## Work instructions
From the data below, repeat exactly the lines from the line with "Vestido Maxi Formal" to the line with "vidaXL Κρεβάτι Boxspring", both included.

## Extracted material

================================

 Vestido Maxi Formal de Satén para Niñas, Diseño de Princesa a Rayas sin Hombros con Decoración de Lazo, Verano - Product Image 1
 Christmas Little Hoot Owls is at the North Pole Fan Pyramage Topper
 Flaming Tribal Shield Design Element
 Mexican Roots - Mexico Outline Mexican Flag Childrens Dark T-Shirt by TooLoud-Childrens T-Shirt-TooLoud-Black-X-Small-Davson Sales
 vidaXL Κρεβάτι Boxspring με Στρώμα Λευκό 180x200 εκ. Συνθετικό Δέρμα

================================

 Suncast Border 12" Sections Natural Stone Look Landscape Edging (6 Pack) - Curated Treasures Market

================================

## Response to this exercise
 Vestido Maxi Formal de Satén para Niñas, Diseño de Princesa a Rayas sin Hombros con Decoración de Lazo, Verano - Product Image 1
 Christmas Little Hoot Owls is at the North Pole Fan Pyramage Topper
 Flaming Tribal Shield Design Element
 Mexican Roots - Mexico Outline Mexican Flag Childrens Dark T-Shirt by TooLoud-Childrens T-Shirt-TooLoud-Black-X-Small-Davson Sales
 vidaXL Κρεβάτι Boxspring με Στρώμα Λευκό 180x200 εκ. Συνθετικό Δέρμα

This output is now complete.